- Work to be completed -
After locating "Used 2025 Ford Escape ST-Line FWD image 17", return its line and all lines that follow through the end of the listing below, exactly; leave out pictures.

- The data -
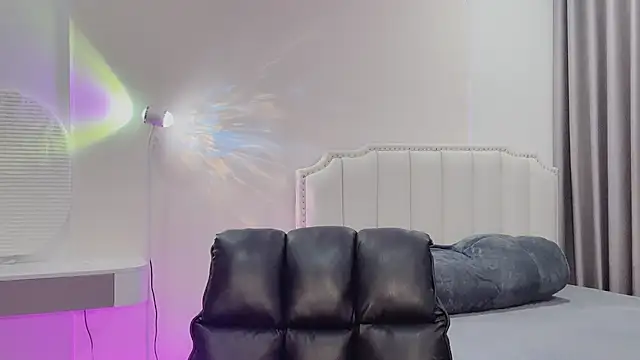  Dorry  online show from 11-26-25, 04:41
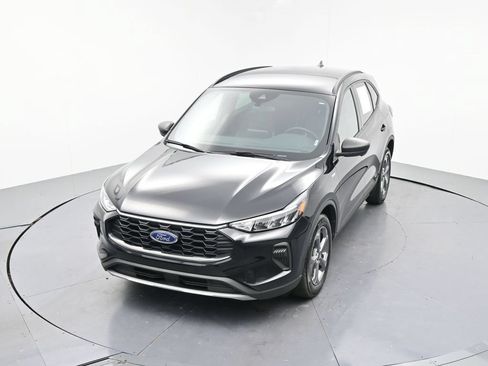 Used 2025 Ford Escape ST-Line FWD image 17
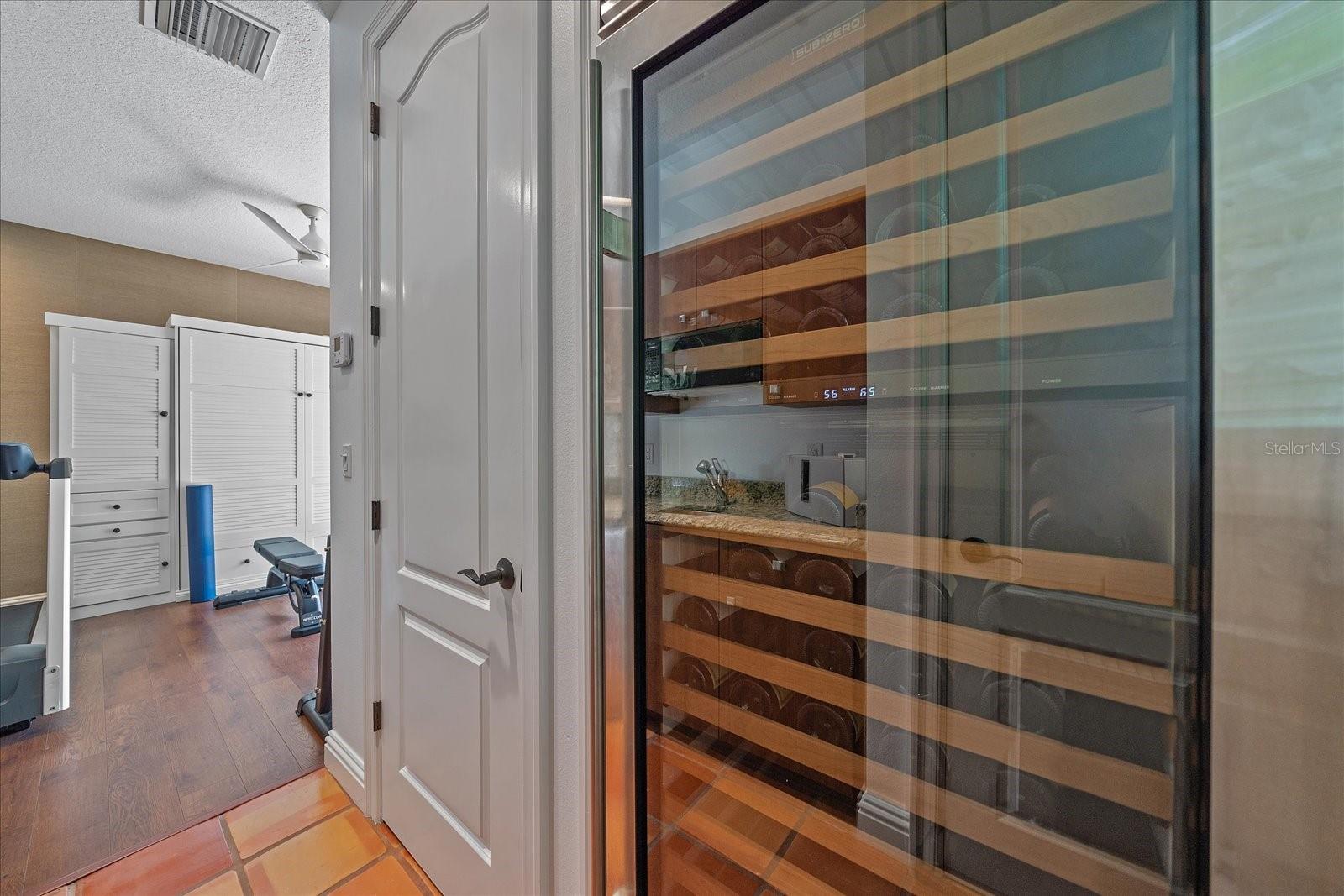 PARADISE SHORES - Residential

- Solution to this problem -
 Used 2025 Ford Escape ST-Line FWD image 17
 PARADISE SHORES - Residential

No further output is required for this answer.